Work instruction:
Set the images aside and retype the whole listing exactly.

Data shown:
--- START ---

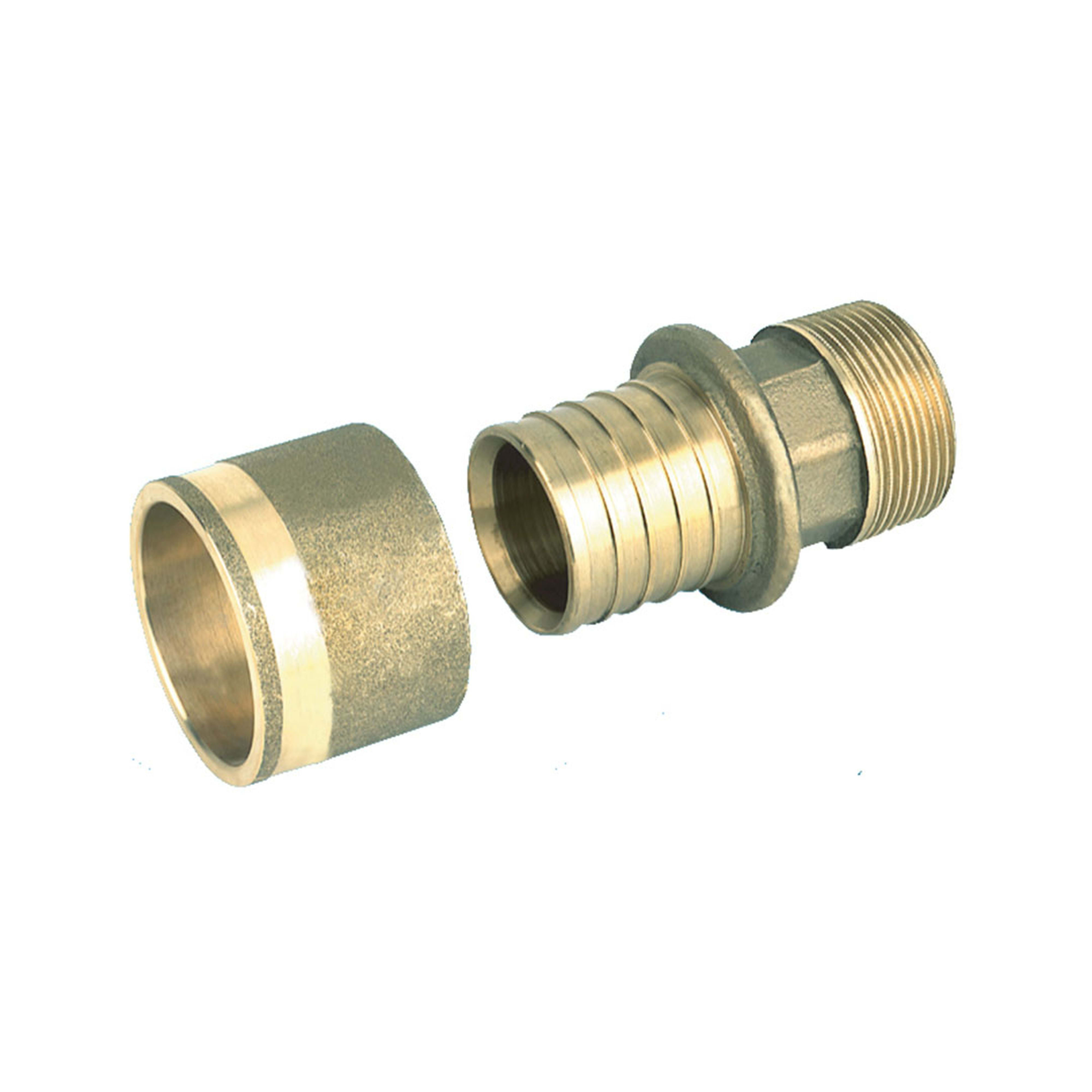 PB Tub - Raccord mâle à glissement 2"1/2 Ø 75 Pour système RESOvert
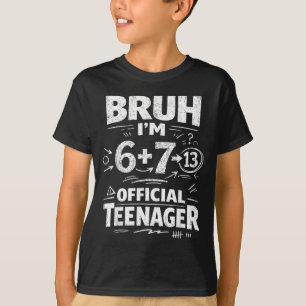 13e verjaardagsshirt grappige meme 6 7 verjaardag  t-shirt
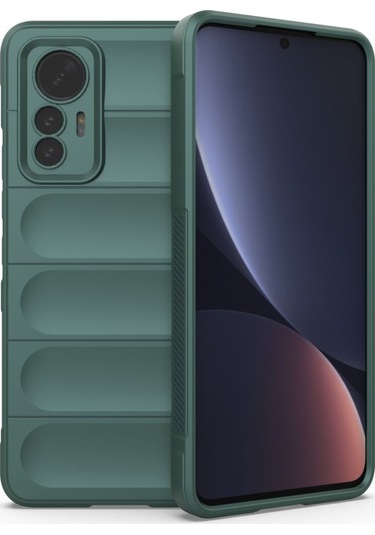 Xiaomi 12 Lite Kılıf Optimum Lens Çerçeveli Silikon Kapak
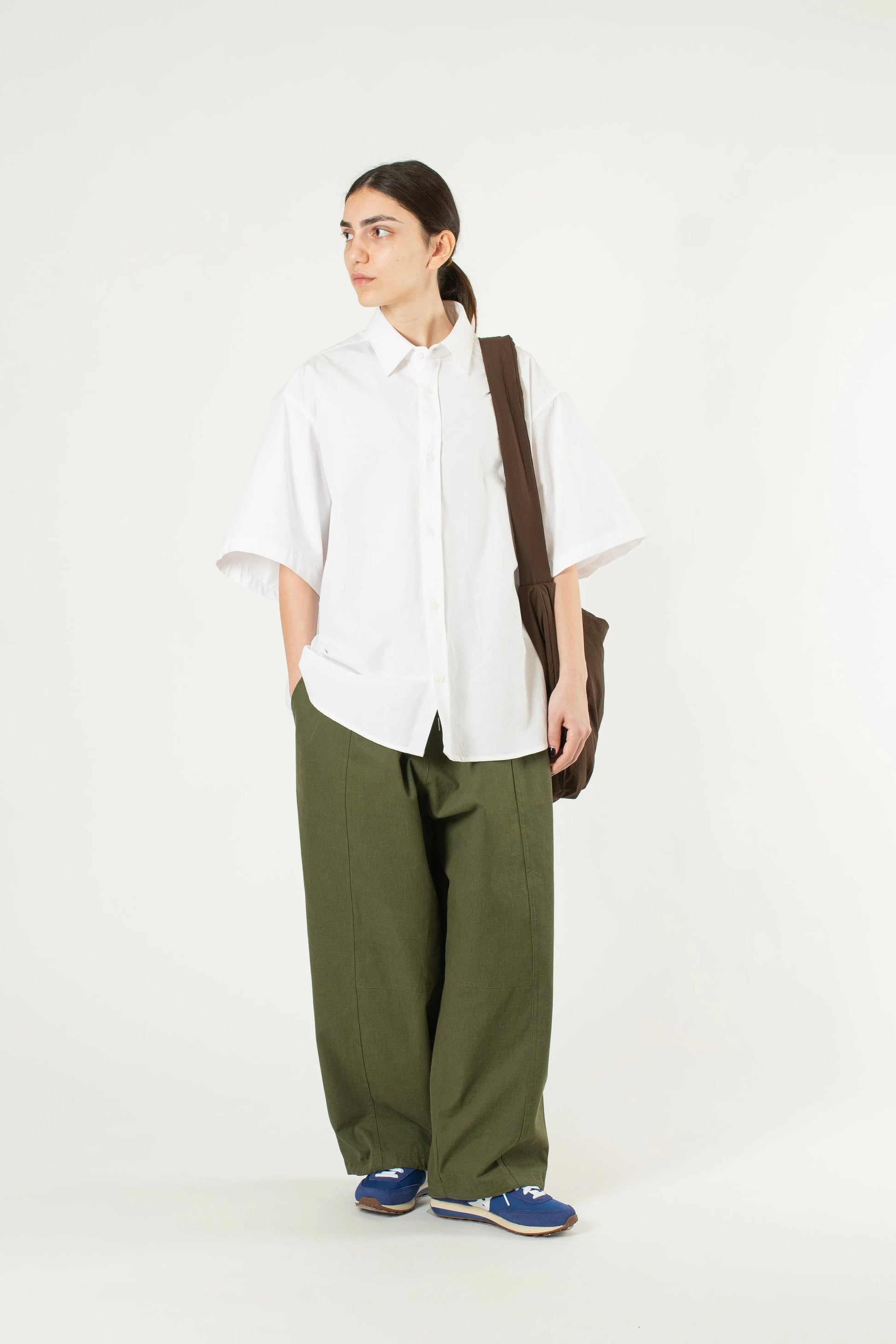 Estudio Niksen - Panelled Balloon Pant (Khaki)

--- END ---

Solution for this problem:
 PB Tub - Raccord mâle à glissement 2"1/2 Ø 75 Pour système RESOvert
 13e verjaardagsshirt grappige meme 6 7 verjaardag  t-shirt
 Xiaomi 12 Lite Kılıf Optimum Lens Çerçeveli Silikon Kapak
 Estudio Niksen - Panelled Balloon Pant (Khaki)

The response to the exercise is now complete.